Slightly Below Normal Activity Is Likely
By Brad Goins
When people in the United States start thinking about the chances of bad storms making landfall during hurricane season, they begin with the spring hurricane predictions of Colorado State University. The university researchers are the oldest hands at the long-term forecast game, having made the very first long-term hurricane forecast in 1981.
This year, the experts at Colorado State predict “slightly below normal” activity during the hurricane season. One reason is that the present El Niño weather system is likely to persist, and perhaps grow stronger, during the season. In a few paragraphs, I’ll explain why it is that El Niño wind systems put such a damper on hurricane development.
Colorado State is also emphasizing that sea surface temperatures in the tropical Atlantic — where the hurricanes that eventually strike us originate — are cooler than normal. And sea surface temperatures in the north Atlantic are quite cool.
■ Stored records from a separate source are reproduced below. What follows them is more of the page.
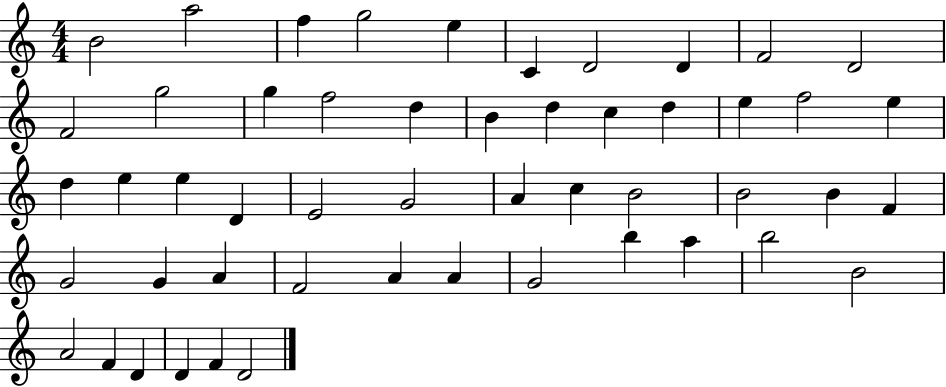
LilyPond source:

{
  \clef treble
  \numericTimeSignature
  \time 4/4
  \key c \major
  b'2 a''2 | f''4 g''2 e''4 | c'4 d'2 d'4 | f'2 d'2 | \break f'2 g''2 | g''4 f''2 d''4 | b'4 d''4 c''4 d''4 | e''4 f''2 e''4 | \break d''4 e''4 e''4 d'4 | e'2 g'2 | a'4 c''4 b'2 | b'2 b'4 f'4 | \break g'2 g'4 a'4 | f'2 a'4 a'4 | g'2 b''4 a''4 | b''2 b'2 | \break a'2 f'4 d'4 | d'4 f'4 d'2 | \bar "|."
}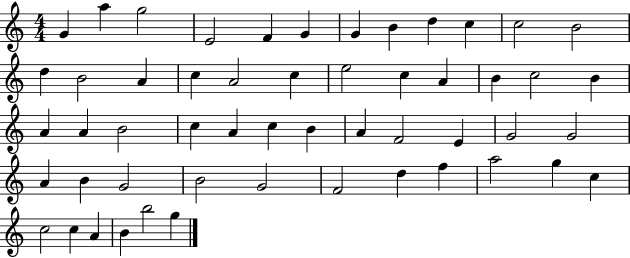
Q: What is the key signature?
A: C major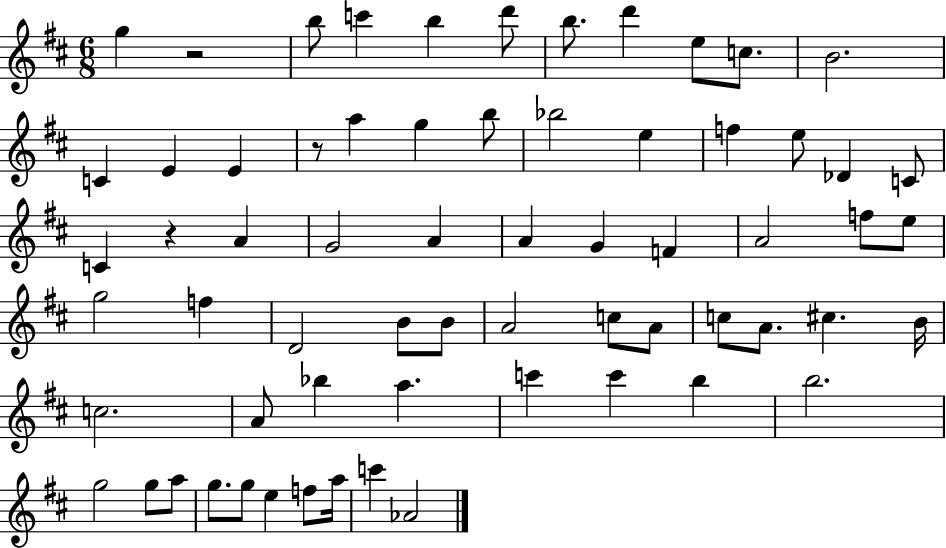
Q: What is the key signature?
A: D major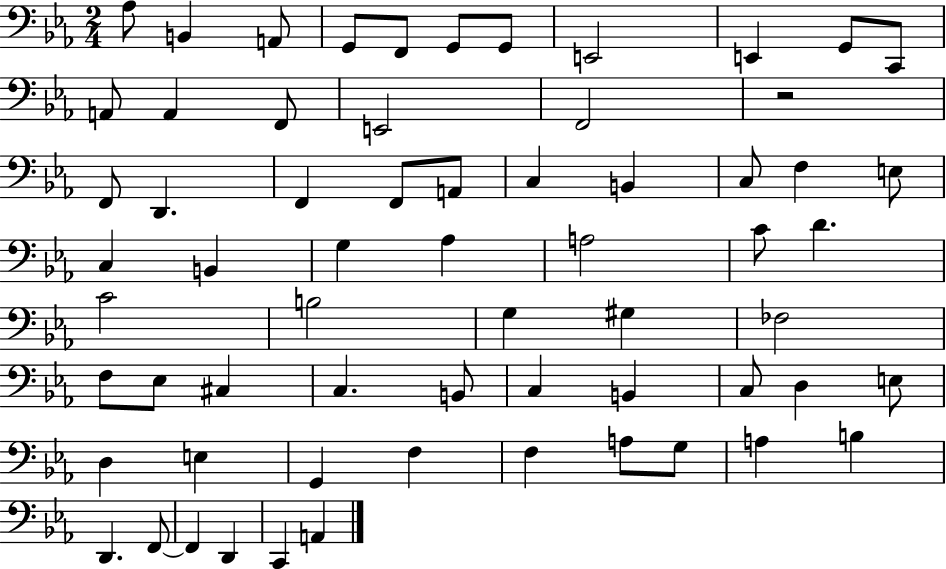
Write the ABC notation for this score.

X:1
T:Untitled
M:2/4
L:1/4
K:Eb
_A,/2 B,, A,,/2 G,,/2 F,,/2 G,,/2 G,,/2 E,,2 E,, G,,/2 C,,/2 A,,/2 A,, F,,/2 E,,2 F,,2 z2 F,,/2 D,, F,, F,,/2 A,,/2 C, B,, C,/2 F, E,/2 C, B,, G, _A, A,2 C/2 D C2 B,2 G, ^G, _F,2 F,/2 _E,/2 ^C, C, B,,/2 C, B,, C,/2 D, E,/2 D, E, G,, F, F, A,/2 G,/2 A, B, D,, F,,/2 F,, D,, C,, A,,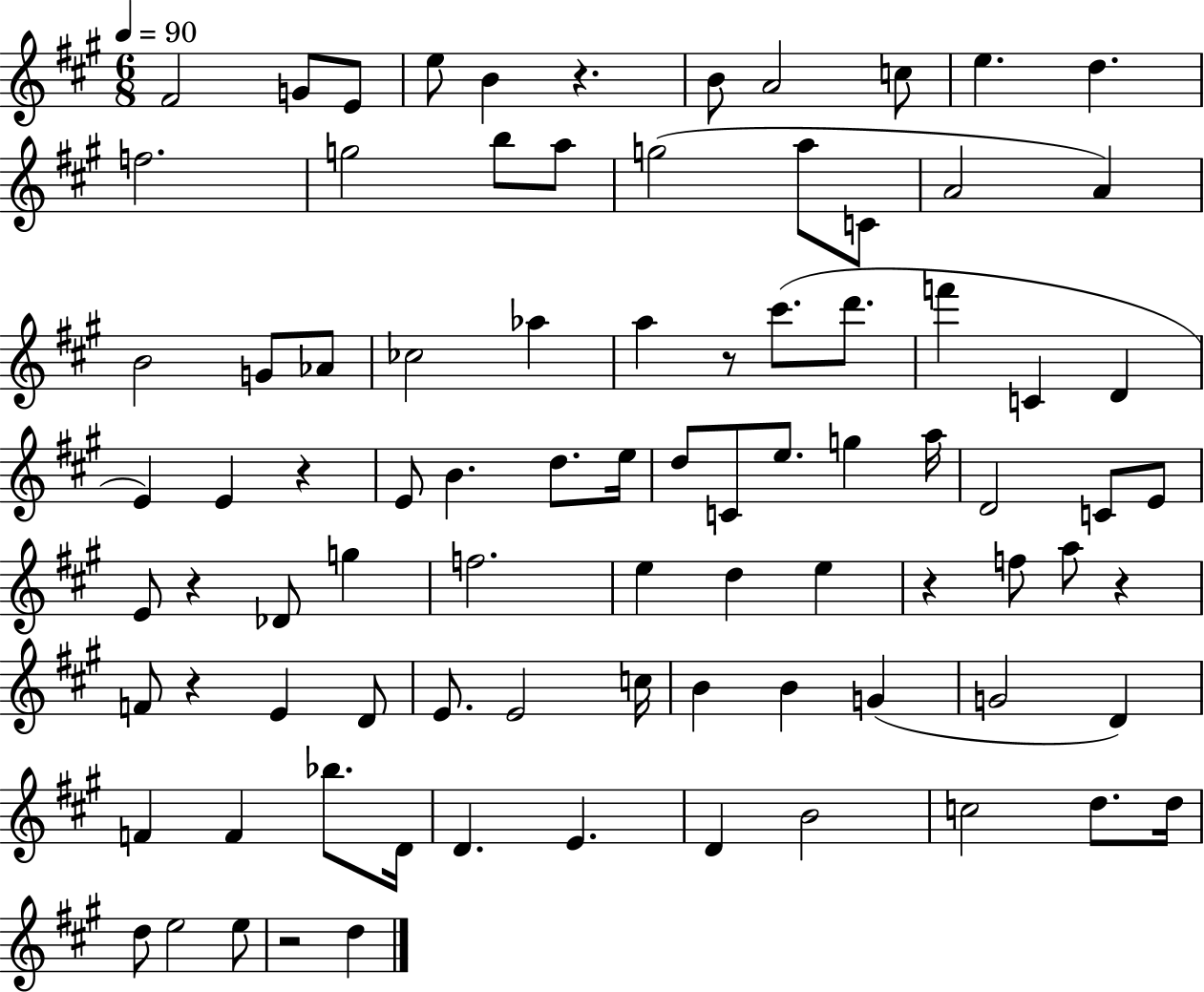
X:1
T:Untitled
M:6/8
L:1/4
K:A
^F2 G/2 E/2 e/2 B z B/2 A2 c/2 e d f2 g2 b/2 a/2 g2 a/2 C/2 A2 A B2 G/2 _A/2 _c2 _a a z/2 ^c'/2 d'/2 f' C D E E z E/2 B d/2 e/4 d/2 C/2 e/2 g a/4 D2 C/2 E/2 E/2 z _D/2 g f2 e d e z f/2 a/2 z F/2 z E D/2 E/2 E2 c/4 B B G G2 D F F _b/2 D/4 D E D B2 c2 d/2 d/4 d/2 e2 e/2 z2 d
Of course, it is warm sea surface temperatures that give birth to storms.
Note there is no hot water off the African coast, where most of our hurricanes begin.
Also taken into consideration was high sea level pressure in the sub-tropical Atlantic. High sea level pressure tends to correlate with strong trade winds. These winds mix up the sea water, bringing the cool water at the bottom up to the top — just one more thing that will likely tamp down storm formation this season.
Will El Niño Hang Around?
Now, let’s return to that lingering El Niño system over in the Pacific Ocean. Such a system is traditionally associated with a low level of hurricane formation around U.S. coasts.
One reason is that El Niño sends a powerful jet stream from the Pacific Ocean right across the Gulf of Mexico. One thing this jet stream does is use wind shear to disorganize the tops of columns of hot, moist air that are turning into storms. When the top of the air column is cut off, the high, spinning wind that powers hurricanes is eliminated.
Strong wind shear in the Atlantic basin (MDR) will mean reduced chances of hurricane formation. The red line shows what is left of the storm after the top (blue line) has been sheared off.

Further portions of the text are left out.